From: Mark Davis (mark.davis@jtcsv.com)
Date: Tue May 06 2003 - 12:13:14 EDT
A minor correction: a trie may be more than two stages.
We also have an enhanced version (developed by Markus Scherer) called
a folded trie, that we use in ICU. See
http://oss.software.ibm.com/icu/docs/papers/foldedtrie_iuc21.ppt.
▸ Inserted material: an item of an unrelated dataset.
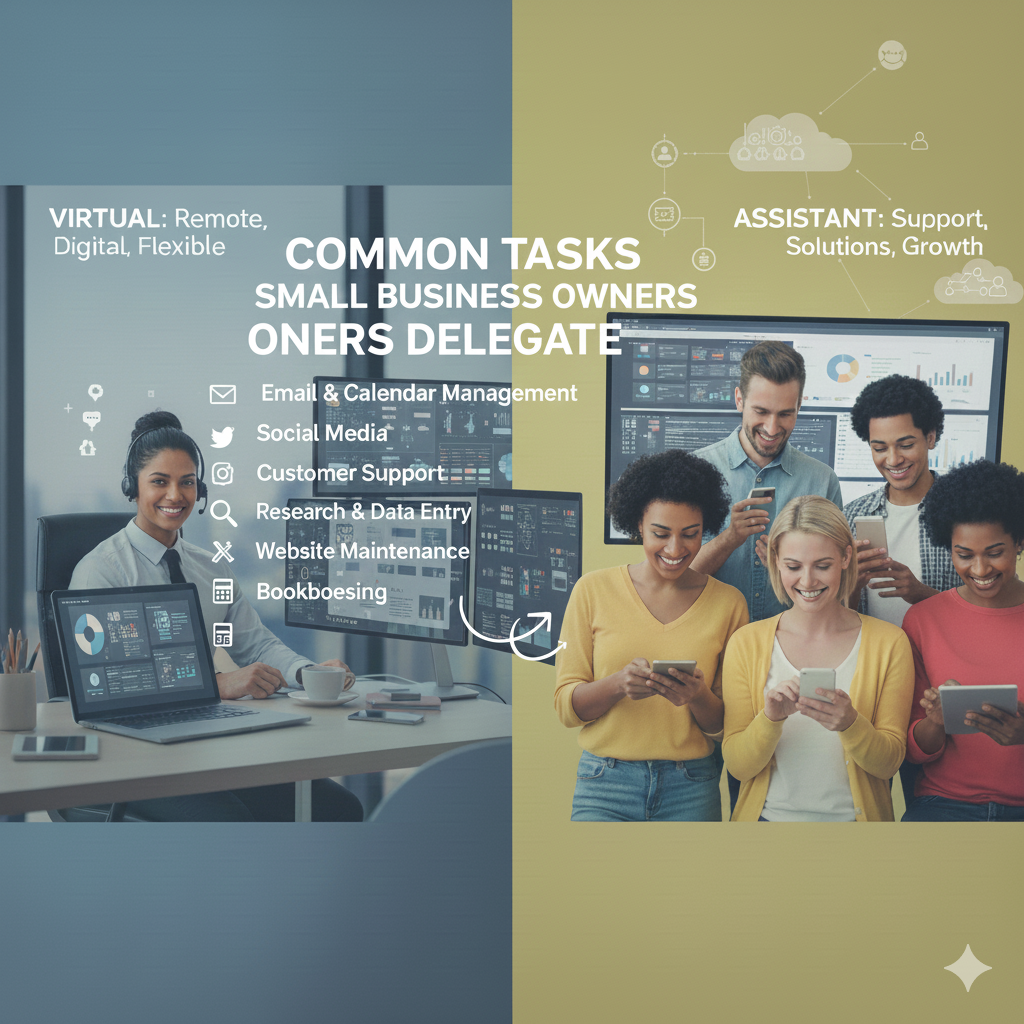 Common Tasks Small Business Owners Delegate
These data structures (and others that we use in ICU) are flattened;
that is, they are stored as a continuous block of memory, with offsets
instead of pointers. That way, they can all be used in read-only
memory-mapped files for fast initialization.
Märk Davis
________
mark.davis@jtcsv.com
IBM, MS 50-2/B11, 5600 Cottle Rd, SJ CA 95193
(408) 256-3148
fax: (408) 256-0799
----- Original Message -----
From: "Addison Phillips [wM]" <aphillips@webmethods.com>
To: "Theodore H. Smith" <delete@elfdata.com>
Cc: <unicode@unicode.org>
Sent: Tuesday, May 06, 2003 08:00
Subject: Re: Finite state machines? UTF8: toFold(), normalisation, etc
> Hi,
>
> A "trie" is a two stage table.
>
> PPT is PowerPoint. I was under the impression that the presentation
was
> available in PDF or HTML format also, but I guess it isn't if you
didn't
> see it in that format.
>
> Here's a hint, though: if you search "Bits of Unicode" on Google,
you
> can view much of the paper in HTML format using the option Google
> provides there.
>
> Best Regards,
>
> Addison
>
> Theodore H. Smith wrote:
> > Hi Addison,
> >
> > Thanks a lot for the answers that may help me get a clean
solution.
> >
> > I'm unfamiliar with "trie". What does it mean? If it's less
complex than
> > a finite state machine I'm sure that'll be a benefit for me.
> >
> > "Bits of Unicode" is in .ppt format. Is that "Power point"? I
don't have
> > powerpoint or an app to read .ppt.
> >
> > Thanks a lot for your kind help.
> >
> >> Hi Mr. Smith,
> >>
> >> I wrote about "compiling" the Unicode character data tables in
my
> >> response. That reply was somewhat sketchy: my three-year old son
was
> >> sitting in my lap waiting for his machine to boot while I wrote
it...
> >>
> >> Mark Davis wrote more-or-less the canonical presentation on this
> >> subject for an IUC conference a few years ago. The title was
"Bits of
> >> Unicode". It may be elsewhere, but I've always found it on his
> >> personal page http://www.macchiato.com
> >>
> >> I have personally had reason to compile my own tables (NOT using
a
> >> finite state language, just tries and similar structures) for
purposes
> >> beyond those of ICU. But I must admit that in recent years I
have
> >> tended to extend ICU or the very similar code in the Java JDK
instead
> >> of implementing my own tables, but it isn't that hard to do.
Getting
> >> the edge cases and esoteric details right, though, make it not
worth
> >> my while (in my estimation).
> >>
> >> A finite state machine could certainly do "the job" (although
what you
> >> really have is a number of similar "jobs" to do), but trie
tables and
> >> similar structures are a lot easier to build and maintain and do
the
> >> job marvelously well.
> >>
> >> Good luck with your implementation.
> >
> >
> >
> > --
> > Theodore H. Smith - Macintosh Consultant / Contractor.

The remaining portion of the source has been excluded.